Kiev y sus aliados europeos habían reaccionado con comprensible horror al conocerse que esta cumbre nació después de un encuentro de Witkoff con Putin, en la cual el enviado norteamericano, que no es un diplomático sino un agente inmobiliario amigo de Trump, concordó con el ruso que Ucrania ceda lo que queda de las regiones de Donetsk y Luhansk a cambio de silenciar los cañones.
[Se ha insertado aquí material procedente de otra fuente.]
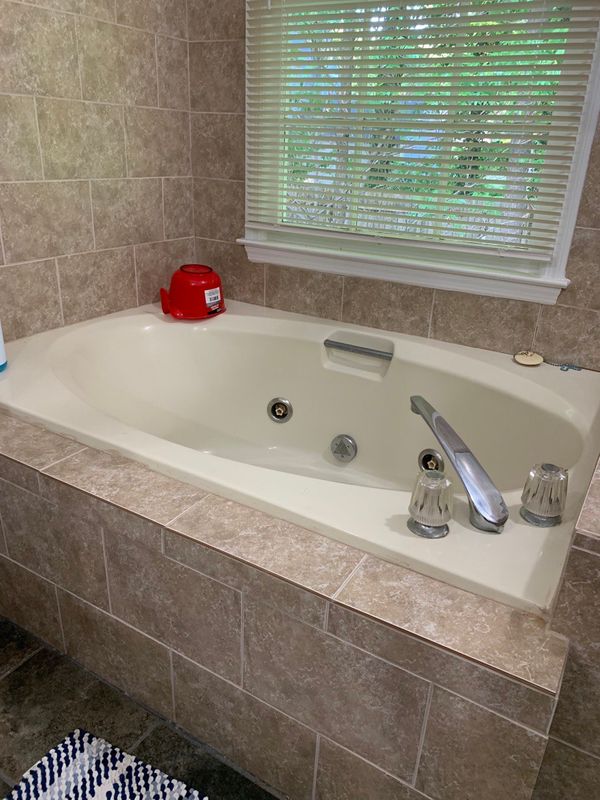 Separate jetted tub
“El líder del Kremlin ha promovido la idea de ganar terreno sin luchar y ha encontrado un receptor dispuesto en Witkoff, quien en el pasado ha mostrado una comprensión relajada de la soberanía ucraniana y de la complejidad de pedir a un país, en el cuarto año de su invasión, que simplemente abandone las ciudades que ha defendido con miles de hombres”, señalaba de The New York Times.
Si se observa el arenero militar, la cumbre de Alaska se realizó con Rusia mucho mejor plantada en el frente, en especial por la ayuda que EE.UU. brinda a cuenta gotas a Ucrania. Moscú tiene casi en un puño dos ciudades clave de Donetsk, Pokrovsk y Kostiantynivka. Pero hay otro gran sector de ese territorio que controlan los ucranianos, y que Rusia demanda como prenda de este acercamiento con EE.UU.
En específico Putin exige que Kiev se desprenda de cuatro regiones del Este y del Sur que afirma haber anexado a finales de 2022, a pesar de que una gran parte de esos territorios permanece bajo mando ucraniano. Y quiere el control de las regiones orientales de Luhansk y Donetsk, que bombardea con intensidad. Por supuesto, también Crimea que tomó en 2014.
El dictador norcoreano, Kim Jong Un y Donald Trump en junio de 2019. AP
Ceder Luhansk y Donetsk, dejaría a Ucrania sin un área estratégica industrial que Rusia podría utilizar como plataforma para reavivar la guerra, además de que significaría abandonar su principal línea defensiva en el Norte de Donetsk, que hasta ahora ha resistido los ataques rusos. “La fórmula para resolver este litigio debería constituir una acción unida de los dos lados del Atlántico, con un paquete mayor de sanciones contra el Kremlin atento a la recesión que sobrevuela Rusia para obligar a una derrota y retirada que alcance como precedente”, señala un diplomático europeo a esta columna. “No haberlo hecho y, por el contrario elevar a Putin a una cumbre bilateral, premia a Moscú”, añade.
El líder ruso ha buscado la negociación a solas con EE.UU. porque prioriza reanudar los vínculos comerciales y mejorar los diplomáticos, discutir sobre el Ártico, la situación geopolítica y los pactos nucleares dentro de una extensa agenda que, sí, también incluye a Ucrania. Esas prioridades y la concepción compartida de las “esferas de influencia” que marcaron las guerras del siglo pasado, son ejes de una geopolítica futura que deja a Ucrania en una banquina lateral, como una pieza en un amplio rompecabezas.
De ahí que Rusia no tiene empacho en reclamar que Kiev tenga un gobierno bajo influencia moscovita, sin acceso a la OTAN, sin ejércitos extranjeros de apoyo y sin autonomía. Es su patio trasero, proclama incluso hasta con desprecio. La desconcertante política exterior de Trump acaba por avalar esos abusos.